Question About Skillet Cooking

Quick question…

Is it ok to cook pork chops, steaks, etc. in a skillet with Pam spray? How much different (if at all) is this than cooking them in the Foreman grill? I know cooking them in oil can’t be good, but is Pam ok?

Thanks!

Olive oil, my friend.

-Nate

Heh.

Nate brace yourself for the posts telling you that olive oil is bad to fry with because of its…guess it would be called low smoke point…or whatever you call the point the stuff oxidizes. OPtions for frying in general (not specific to this post):

–small amount butter (oh the horror)
–coconut oil
–Canola oil? This may have higher oxidizing point (I’m sure someone will chime in with the answer.

or perhaps use low to moderate heat and use olive oil.

I’d vote on the coconut oil.

I vote for a non stick pan and NO added fat at all. Maybe a light bit of Pam if needed and add the good fats Later, ontop, with ther veggies etc.

I dont understand why people have it stuck in thier head they have to pan fry with added oil?? Hmm.

i think considering your fry fat as a source of dietary fat as a whole is kinda pointless. for one the heating pretty much destroys it . for two if you’re sautee-ing , or even full on frying correctly, the food will absorb very, very little fat anyway. personally,nothing beats butter for meat. safflower oil for stir fry.

otherwise get a cast iron grill-pan. one spray of pam right on the meat. there ya go. hope you got a good hood.

[quote]ScottL wrote:
Heh.

Nate brace yourself for the posts telling you that olive oil is bad to fry with because of its…guess it would be called low smoke point…or whatever you call the point the stuff oxidizes. OPtions for frying in general (not specific to this post):

–small amount butter (oh the horror)
–coconut oil
–Canola oil? This may have higher oxidizing point (I’m sure someone will chime in with the answer.

or perhaps use low to moderate heat and use olive oil.

[/quote]

Touche.

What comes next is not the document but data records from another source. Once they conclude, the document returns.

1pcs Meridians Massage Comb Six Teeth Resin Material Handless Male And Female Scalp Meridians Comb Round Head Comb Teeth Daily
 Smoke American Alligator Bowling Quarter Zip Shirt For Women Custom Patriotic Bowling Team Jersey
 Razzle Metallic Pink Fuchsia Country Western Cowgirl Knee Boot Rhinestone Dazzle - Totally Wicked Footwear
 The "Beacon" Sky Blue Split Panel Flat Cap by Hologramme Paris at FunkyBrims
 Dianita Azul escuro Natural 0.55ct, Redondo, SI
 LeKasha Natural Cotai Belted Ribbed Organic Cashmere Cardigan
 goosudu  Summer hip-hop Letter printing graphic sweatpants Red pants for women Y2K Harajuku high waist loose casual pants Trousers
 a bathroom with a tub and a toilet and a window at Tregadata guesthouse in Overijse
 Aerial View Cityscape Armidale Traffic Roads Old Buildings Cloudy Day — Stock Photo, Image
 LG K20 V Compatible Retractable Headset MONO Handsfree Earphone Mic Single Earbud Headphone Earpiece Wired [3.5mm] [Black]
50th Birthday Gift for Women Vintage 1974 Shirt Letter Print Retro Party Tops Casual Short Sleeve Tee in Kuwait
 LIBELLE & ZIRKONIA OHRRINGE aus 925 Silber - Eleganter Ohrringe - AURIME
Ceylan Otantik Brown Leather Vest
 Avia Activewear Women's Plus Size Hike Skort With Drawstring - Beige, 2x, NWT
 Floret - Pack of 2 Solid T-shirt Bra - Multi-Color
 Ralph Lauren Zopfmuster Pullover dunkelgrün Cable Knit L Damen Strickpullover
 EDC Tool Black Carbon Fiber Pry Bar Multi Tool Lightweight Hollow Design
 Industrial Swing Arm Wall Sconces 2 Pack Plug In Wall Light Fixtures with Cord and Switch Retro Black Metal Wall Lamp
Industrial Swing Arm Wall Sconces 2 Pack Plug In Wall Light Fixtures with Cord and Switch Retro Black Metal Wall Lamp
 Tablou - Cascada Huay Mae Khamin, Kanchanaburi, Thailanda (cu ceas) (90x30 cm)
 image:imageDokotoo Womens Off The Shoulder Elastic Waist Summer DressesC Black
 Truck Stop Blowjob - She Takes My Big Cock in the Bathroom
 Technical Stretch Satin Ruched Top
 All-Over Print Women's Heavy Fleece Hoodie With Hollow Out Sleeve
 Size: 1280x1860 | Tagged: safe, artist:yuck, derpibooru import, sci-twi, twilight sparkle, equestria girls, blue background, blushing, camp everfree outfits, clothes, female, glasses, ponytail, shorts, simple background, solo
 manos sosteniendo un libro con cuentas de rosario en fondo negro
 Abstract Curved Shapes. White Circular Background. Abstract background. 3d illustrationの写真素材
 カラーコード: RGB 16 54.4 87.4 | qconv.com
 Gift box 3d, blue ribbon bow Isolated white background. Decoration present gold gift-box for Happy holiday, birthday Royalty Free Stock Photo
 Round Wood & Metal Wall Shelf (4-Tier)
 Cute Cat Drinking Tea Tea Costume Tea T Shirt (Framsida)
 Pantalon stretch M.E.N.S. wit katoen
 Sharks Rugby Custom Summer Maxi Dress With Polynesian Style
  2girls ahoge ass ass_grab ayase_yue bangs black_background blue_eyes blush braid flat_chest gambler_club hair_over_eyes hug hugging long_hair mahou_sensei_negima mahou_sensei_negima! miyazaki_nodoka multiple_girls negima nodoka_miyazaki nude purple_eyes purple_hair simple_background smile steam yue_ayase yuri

Thanks.

-Nate

Thanks for the help, guys!

Rather than pan fry anything, I spray steak/chops/fish with a bit of olive oil, throw on salt, pepper, Emeril’s seasoning and stick the food in the pan (don’t use non stick) under the broiler in the oven. The excess fat drips off and the high heat seals in the moisture and gives the outside of the meat a nice crust. Just like an outdoor grill. Be careful though, use a fan to vent off any smoke so you don’t set off the smoke alarms.